Data block
━━━━━━━━━━━━━━━━━━━━

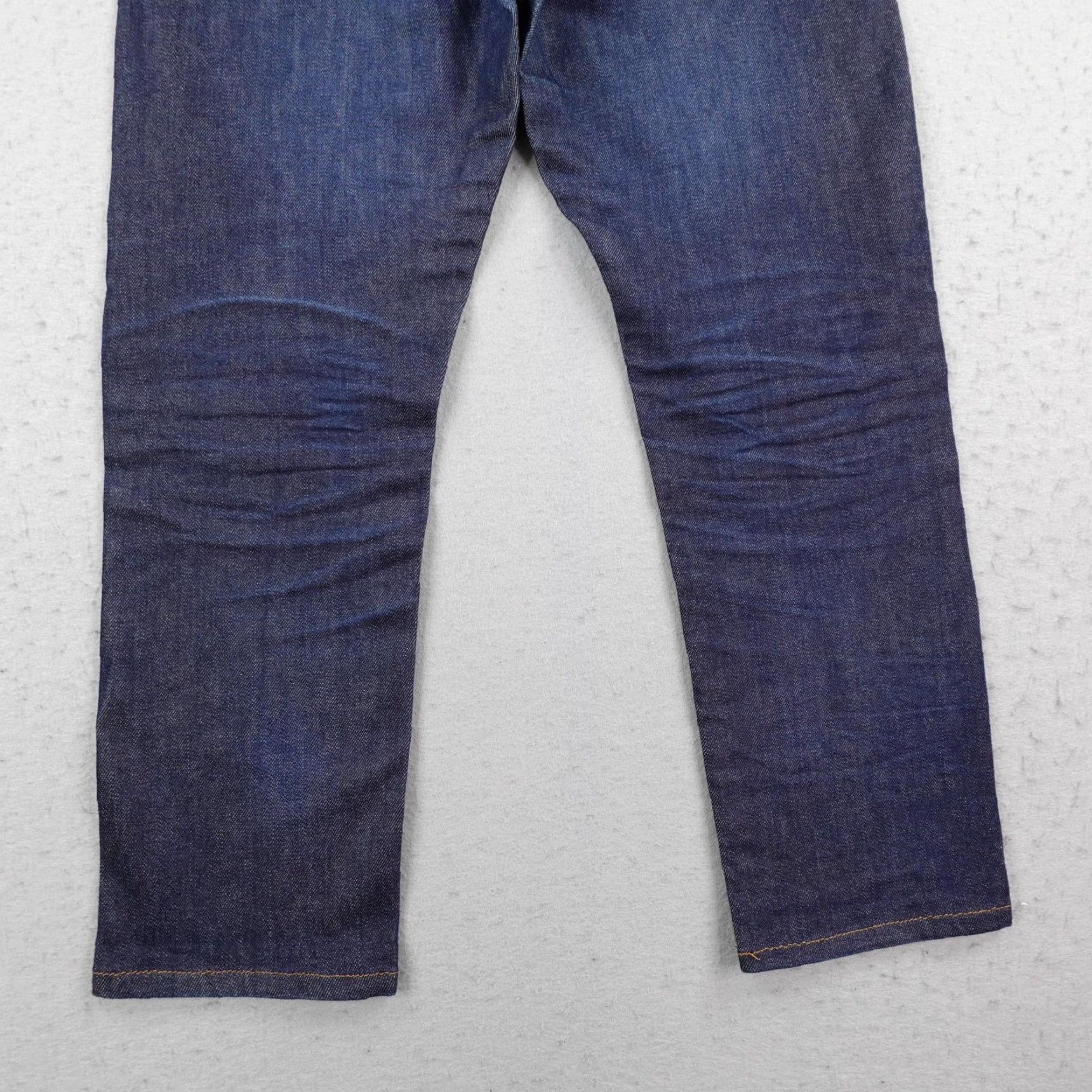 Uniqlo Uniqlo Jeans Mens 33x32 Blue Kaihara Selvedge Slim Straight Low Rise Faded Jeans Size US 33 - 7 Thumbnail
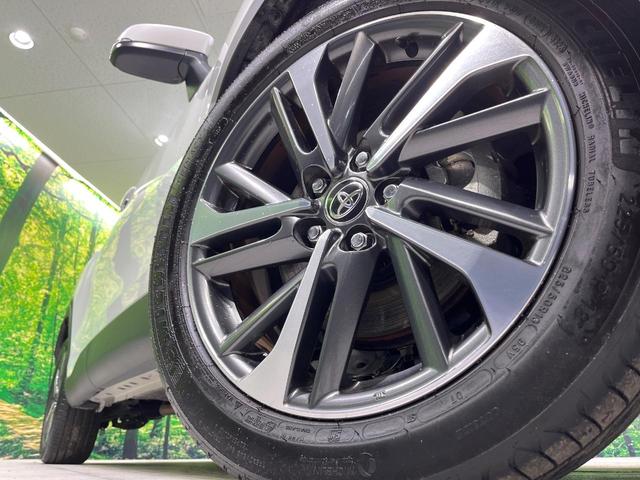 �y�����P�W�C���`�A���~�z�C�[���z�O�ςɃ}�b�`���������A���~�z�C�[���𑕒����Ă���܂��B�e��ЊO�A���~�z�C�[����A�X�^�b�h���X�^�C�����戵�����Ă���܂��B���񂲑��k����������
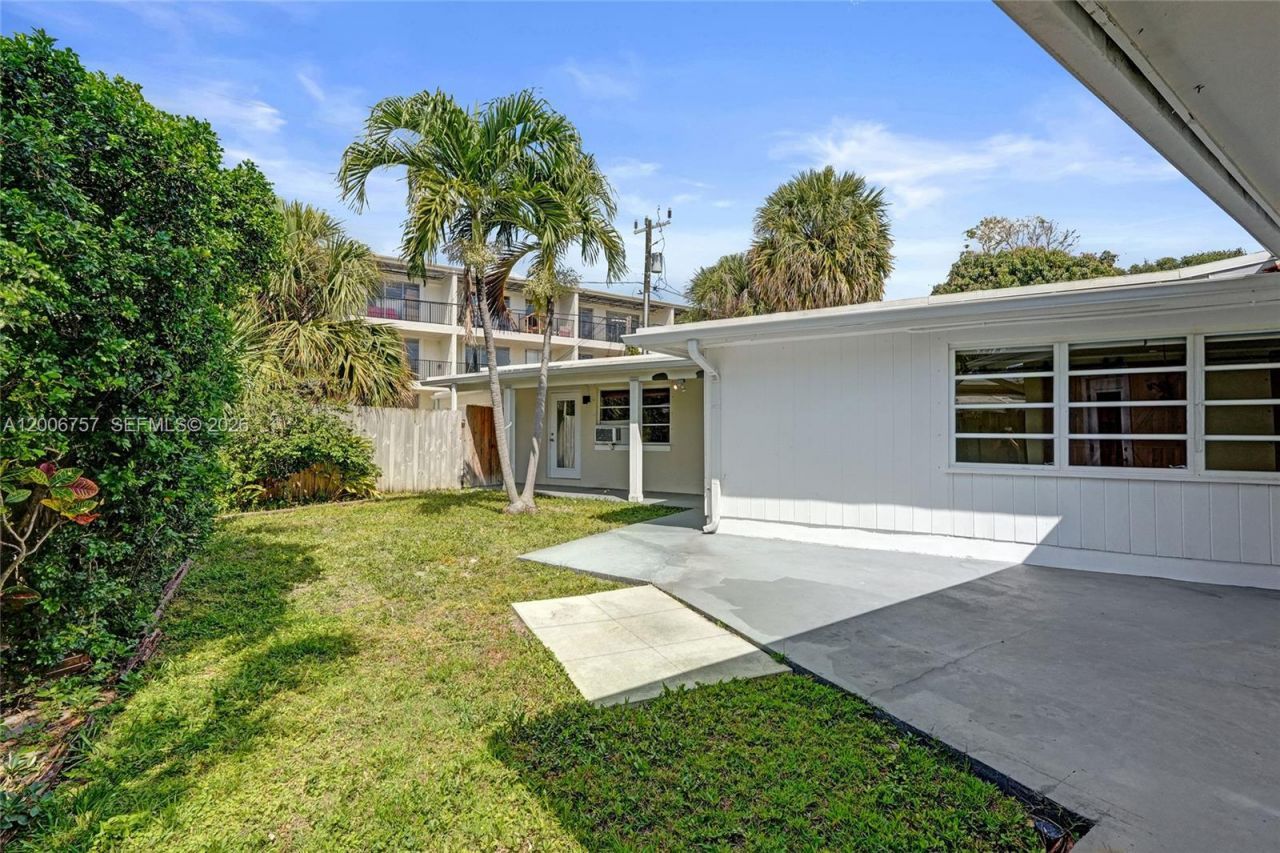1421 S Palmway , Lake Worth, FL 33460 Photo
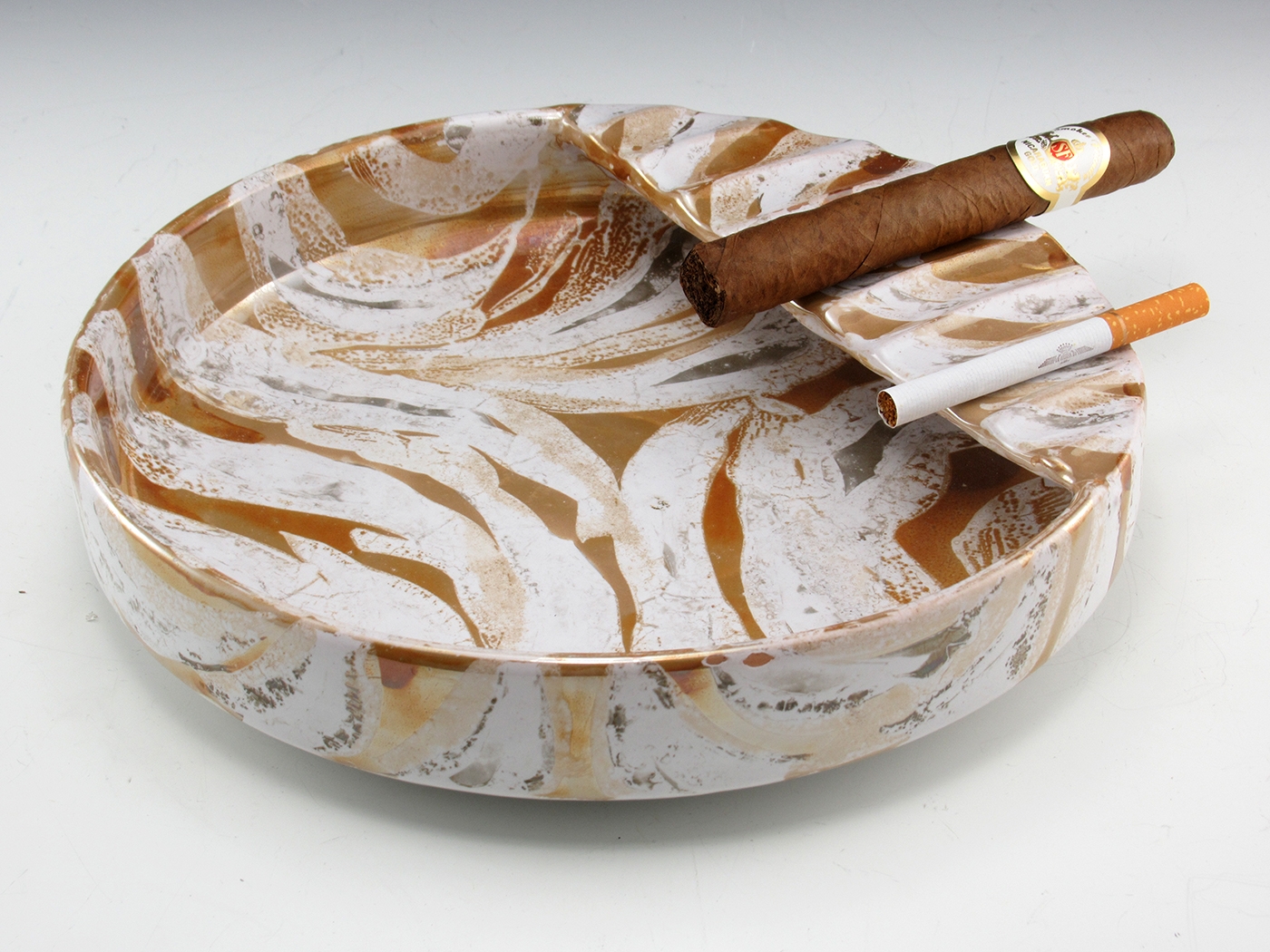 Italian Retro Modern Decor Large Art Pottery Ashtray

━━━━━━━━━━━━━━━━━━━━

About this task
The answer is the listing above repeated verbatim, minus its images.

Solved problem
 Uniqlo Uniqlo Jeans Mens 33x32 Blue Kaihara Selvedge Slim Straight Low Rise Faded Jeans Size US 33 - 7 Thumbnail
 �y�����P�W�C���`�A���~�z�C�[���z�O�ςɃ}�b�`���������A���~�z�C�[���𑕒����Ă���܂��B�e��ЊO�A���~�z�C�[����A�X�^�b�h���X�^�C�����戵�����Ă���܂��B���񂲑��k����������
1421 S Palmway , Lake Worth, FL 33460 Photo
 Italian Retro Modern Decor Large Art Pottery Ashtray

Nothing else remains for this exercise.